I hope this help! Let me know...

These are my opinions so use it at your own risk.
Tam92
HPE Pro

Re: HPE Apollo 4510 multiple errors

Hello @ServerHome-Max,

 

Please let us know if the above suggestions helped to resolve the issue ?

 

Thanks,

TAM



I work at HPE
HPE Support Center offers support for your HPE services and products when and how you need it. Get started with HPE Support Center today.
[Any personal opinions expressed are mine, and not official statements on behalf of Hewlett Packard Enterprise]
Accept or Kudo
ServerHome-Max
Frequent Visitor

Re: HPE Apollo 4510 multiple errors

Hi,

Yes we already tried those steps before i created the post and didnt work. we have added 1600W PSU's and it has been in operation now since friday afternoon without shutting down. So hopefully that will proof to be the cause.
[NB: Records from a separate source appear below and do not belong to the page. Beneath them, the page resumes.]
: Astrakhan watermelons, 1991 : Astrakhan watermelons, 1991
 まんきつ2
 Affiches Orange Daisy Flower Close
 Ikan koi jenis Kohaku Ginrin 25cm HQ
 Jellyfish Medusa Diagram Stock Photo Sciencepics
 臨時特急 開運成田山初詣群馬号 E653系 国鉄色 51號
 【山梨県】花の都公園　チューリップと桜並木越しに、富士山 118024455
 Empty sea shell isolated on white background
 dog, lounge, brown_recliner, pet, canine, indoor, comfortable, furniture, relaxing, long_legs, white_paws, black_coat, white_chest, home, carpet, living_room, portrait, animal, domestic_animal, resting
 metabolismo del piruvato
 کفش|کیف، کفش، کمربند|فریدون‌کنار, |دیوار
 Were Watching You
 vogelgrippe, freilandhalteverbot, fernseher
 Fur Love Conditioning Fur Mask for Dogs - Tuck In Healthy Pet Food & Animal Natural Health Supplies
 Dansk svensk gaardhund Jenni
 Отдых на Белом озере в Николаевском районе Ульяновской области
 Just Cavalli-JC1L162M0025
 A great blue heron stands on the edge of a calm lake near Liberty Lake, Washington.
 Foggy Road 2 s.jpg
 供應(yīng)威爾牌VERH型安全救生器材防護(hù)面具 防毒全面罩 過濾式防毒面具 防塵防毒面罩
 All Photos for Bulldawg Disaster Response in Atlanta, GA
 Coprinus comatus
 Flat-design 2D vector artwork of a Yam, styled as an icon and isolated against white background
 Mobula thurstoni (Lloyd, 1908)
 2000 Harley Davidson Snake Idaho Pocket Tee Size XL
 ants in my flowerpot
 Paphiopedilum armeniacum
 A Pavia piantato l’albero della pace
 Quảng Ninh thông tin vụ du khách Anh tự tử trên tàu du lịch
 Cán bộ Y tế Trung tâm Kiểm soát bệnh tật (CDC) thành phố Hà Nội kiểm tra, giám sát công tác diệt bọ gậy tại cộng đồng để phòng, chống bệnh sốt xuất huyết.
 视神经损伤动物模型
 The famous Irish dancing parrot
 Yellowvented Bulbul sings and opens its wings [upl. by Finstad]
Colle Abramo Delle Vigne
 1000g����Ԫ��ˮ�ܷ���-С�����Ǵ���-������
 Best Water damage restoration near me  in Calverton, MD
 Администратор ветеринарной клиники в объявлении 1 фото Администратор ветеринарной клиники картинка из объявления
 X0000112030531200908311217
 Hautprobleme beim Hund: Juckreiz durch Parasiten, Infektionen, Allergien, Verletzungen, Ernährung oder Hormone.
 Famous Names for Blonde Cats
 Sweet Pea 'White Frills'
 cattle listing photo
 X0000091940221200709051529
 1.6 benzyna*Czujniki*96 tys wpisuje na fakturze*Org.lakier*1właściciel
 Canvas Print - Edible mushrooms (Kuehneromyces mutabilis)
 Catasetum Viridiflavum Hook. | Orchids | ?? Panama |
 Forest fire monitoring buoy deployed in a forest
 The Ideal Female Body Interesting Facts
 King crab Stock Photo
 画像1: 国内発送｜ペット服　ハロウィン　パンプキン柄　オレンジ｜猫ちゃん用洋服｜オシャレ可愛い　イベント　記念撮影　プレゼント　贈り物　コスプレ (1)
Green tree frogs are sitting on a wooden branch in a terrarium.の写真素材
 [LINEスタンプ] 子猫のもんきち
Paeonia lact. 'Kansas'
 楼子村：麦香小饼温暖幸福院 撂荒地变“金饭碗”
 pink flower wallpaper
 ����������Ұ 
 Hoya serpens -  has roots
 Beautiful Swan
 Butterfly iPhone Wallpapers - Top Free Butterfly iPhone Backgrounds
Ill keep you guys updated!

Tam92
HPE Pro

Re: HPE Apollo 4510 multiple errors

Hello,

 

Any updates?

 

Thanks,

TAM



I work at HPE
HPE Support Center offers support for your HPE services and products when and how you need it. Get started with HPE Support Center today.
[Any personal opinions expressed are mine, and not official statements on behalf of Hewlett Packard Enterprise]
Accept or Kudo
ServerHome-Max
Frequent Visitor
Solution

Re: HPE Apollo 4510 multiple errors

Hi Tam92,

So its been almost a week and so far no new errors and no sudden shut downs or such. So seems like it worked. But the strange thing is the 800W PSU's we tried didnt match the advisory information. So the advisory shouldnt be limited to 8J containing Serial tags and not to the specified PSU model. Others can also create the problem.

For now it seems like the problem has been solved!

Max

Sunitha_Mod
Honored Contributor

Re: HPE Apollo 4510 multiple errors

@ServerHome-Max 

Hello Max,

Perfect! 

We are glad to know the problem has been resolved and we appreciate you for keeping us updated.